Дзен – это дзен. Он не сравним ни с чем другим. Он уникален – уникален в том смысле, что является самым обыкновенным и в то же время самым необыкновенным явлением, случившимся с человеческим сознанием. Он является самым обыкновенным, поскольку не верит ни в знание, ни в ум. Он не является ни философией, ни религией. Дзен – это принятие обыкновенного существования всем сердцем, всем существом, без желания какого-то другого мира, сверхъестественного или сверхчувственного. Дзен не интересует никакая эзотерическая чепуха, никакая метафизика. Он не стремится к другому берегу, этого берега ему более чем достаточно. Он настолько безгранично принимает этот берег, что преображает его – этот берег становится тем берегом:
Само это тело – будда;Сама эта земля – лотосовый рай.
Отсюда обыкновенность дзен. Дзен не призывает вас развивать духовность или святость. Все, о чем он вас просит, – это жить непосредственно и спонтанно. И тогда обыденное станет священным.
Великое чудо дзен состоит в трансформации обыденного в священное. И это потрясающе необыкновенно, поскольку до этого никто никогда таким образом не подходил к жизни, никто никогда так не уважал жизнь.
Дзен идет дальше Будды и Лао-цзы. Дзен является кульминацией как индийского, так и китайского гения, превосходит и то и другое. Индийский гений достиг своей вершины в Гаутаме Будде, китайский гений – в Лао-цзы. Сущность учения Будды и сущность учения Лао-цзы настолько слились в один поток, что разделить их теперь невозможно. Даже провести различие между тем, что принадлежит Будде, а что Лао-цзы, невозможно, настолько полным стало слияние. Это не только синтез, но и интеграция. Из этой встречи родился дзен. Дзен – это не буддизм и не даосизм, и в то же время это и то, и другое.
Называть дзен «дзен-буддизмом» неверно, поскольку дзен является чем-то несравненно большим. Будда не настолько приземлен, как дзен. Лао-цзы необычайно приземлен, но дзен не просто приземлен: видение дзен превращает землю в рай. Лао-цзы приземлен, Будда не приземлен, дзен является и приземленным и неприземленным одновременно – и в этом его экстраординарность.
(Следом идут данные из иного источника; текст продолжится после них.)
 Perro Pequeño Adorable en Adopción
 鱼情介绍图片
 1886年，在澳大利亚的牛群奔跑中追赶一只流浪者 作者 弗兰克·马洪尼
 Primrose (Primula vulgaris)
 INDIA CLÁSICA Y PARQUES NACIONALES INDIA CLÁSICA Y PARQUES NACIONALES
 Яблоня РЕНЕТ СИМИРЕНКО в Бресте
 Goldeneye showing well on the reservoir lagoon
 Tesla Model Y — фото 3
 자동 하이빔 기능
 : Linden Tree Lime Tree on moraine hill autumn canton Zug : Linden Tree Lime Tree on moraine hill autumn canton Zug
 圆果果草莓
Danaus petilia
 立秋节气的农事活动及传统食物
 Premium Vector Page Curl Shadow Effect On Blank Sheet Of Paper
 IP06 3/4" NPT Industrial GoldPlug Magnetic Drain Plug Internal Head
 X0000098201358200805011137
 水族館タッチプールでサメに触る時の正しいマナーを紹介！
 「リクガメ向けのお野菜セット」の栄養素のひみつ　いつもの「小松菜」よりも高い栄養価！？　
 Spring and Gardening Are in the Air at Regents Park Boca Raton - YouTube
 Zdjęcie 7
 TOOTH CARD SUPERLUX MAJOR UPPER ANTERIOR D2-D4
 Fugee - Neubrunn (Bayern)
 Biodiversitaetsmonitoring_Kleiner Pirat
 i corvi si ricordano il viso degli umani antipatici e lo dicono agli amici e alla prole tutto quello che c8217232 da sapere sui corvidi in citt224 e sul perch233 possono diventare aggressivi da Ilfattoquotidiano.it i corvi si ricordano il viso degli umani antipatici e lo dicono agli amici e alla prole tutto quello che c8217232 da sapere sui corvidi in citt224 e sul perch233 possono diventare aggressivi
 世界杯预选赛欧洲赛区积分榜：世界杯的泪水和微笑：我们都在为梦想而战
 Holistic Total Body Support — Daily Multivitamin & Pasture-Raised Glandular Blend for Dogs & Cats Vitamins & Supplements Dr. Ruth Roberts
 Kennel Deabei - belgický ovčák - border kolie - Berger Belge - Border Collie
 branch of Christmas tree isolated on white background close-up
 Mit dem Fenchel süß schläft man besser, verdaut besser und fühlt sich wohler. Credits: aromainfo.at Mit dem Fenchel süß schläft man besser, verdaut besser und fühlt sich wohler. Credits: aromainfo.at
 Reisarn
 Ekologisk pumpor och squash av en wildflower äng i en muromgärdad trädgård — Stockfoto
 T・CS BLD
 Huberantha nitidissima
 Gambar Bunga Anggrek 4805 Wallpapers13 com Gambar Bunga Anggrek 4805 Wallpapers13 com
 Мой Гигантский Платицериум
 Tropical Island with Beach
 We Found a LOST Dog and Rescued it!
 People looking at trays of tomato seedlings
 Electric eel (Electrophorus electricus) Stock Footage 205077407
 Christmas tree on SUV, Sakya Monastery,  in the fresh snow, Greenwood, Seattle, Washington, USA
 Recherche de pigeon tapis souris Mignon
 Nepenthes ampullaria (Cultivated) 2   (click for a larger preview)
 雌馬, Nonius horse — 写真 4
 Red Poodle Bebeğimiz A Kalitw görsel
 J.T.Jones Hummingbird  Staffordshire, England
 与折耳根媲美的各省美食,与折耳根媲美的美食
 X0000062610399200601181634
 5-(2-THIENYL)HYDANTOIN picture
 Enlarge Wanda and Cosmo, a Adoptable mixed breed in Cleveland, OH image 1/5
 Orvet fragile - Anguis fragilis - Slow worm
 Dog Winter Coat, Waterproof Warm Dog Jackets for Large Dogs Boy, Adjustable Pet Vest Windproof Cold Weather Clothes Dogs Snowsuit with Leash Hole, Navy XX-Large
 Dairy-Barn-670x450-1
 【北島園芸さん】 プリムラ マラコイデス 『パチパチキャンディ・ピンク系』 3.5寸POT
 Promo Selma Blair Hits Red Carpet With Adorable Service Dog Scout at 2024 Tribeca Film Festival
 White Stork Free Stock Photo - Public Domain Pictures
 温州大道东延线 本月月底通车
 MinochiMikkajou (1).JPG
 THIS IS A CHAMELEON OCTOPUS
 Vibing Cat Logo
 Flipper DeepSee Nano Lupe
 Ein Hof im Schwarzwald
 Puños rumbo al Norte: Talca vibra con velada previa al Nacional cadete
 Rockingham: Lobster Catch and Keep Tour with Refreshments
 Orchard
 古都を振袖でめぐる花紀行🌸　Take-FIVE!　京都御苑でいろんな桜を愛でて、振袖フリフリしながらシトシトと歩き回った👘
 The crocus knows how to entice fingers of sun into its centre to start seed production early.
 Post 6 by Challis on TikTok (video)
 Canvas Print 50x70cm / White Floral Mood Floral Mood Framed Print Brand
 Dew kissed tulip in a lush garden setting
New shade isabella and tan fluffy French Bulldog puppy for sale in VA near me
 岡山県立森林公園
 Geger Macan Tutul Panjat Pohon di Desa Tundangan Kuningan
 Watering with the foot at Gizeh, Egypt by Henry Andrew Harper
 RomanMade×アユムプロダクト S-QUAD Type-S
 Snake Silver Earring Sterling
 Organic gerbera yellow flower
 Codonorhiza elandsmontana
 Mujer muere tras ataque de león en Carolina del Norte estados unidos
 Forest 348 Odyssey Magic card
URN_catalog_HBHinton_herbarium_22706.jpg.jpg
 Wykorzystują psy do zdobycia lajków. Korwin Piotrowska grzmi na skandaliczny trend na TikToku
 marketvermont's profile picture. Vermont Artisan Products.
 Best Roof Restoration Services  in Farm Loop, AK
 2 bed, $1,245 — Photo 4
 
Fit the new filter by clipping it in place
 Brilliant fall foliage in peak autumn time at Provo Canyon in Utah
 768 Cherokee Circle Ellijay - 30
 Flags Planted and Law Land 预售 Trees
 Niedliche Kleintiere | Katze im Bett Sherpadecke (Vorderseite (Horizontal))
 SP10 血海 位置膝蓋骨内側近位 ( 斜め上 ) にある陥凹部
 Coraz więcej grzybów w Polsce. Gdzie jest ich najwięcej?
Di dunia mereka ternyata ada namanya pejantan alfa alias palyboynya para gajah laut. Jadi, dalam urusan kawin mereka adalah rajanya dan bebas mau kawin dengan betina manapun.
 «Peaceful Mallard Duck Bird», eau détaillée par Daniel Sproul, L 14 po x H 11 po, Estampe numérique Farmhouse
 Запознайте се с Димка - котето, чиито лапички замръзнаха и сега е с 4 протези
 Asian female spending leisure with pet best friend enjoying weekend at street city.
В будущем человечество будет все больше и больше приближаться к дзен, поскольку встреча Востока и Запада возможна только через что-то, что является приземленным и неприземленным одновременно. Запад слишком приземлен, Восток слишком духовен. Кто станет мостом? Будда не может быть мостом: он – сама суть Востока, его вкус и аромат; он является бескомпромиссно восточным. Лао-цзы тоже не может быть мостом: он слишком приземлен. Китай всегда был очень приземленным и является частью скорее западного менталитета, нежели восточного.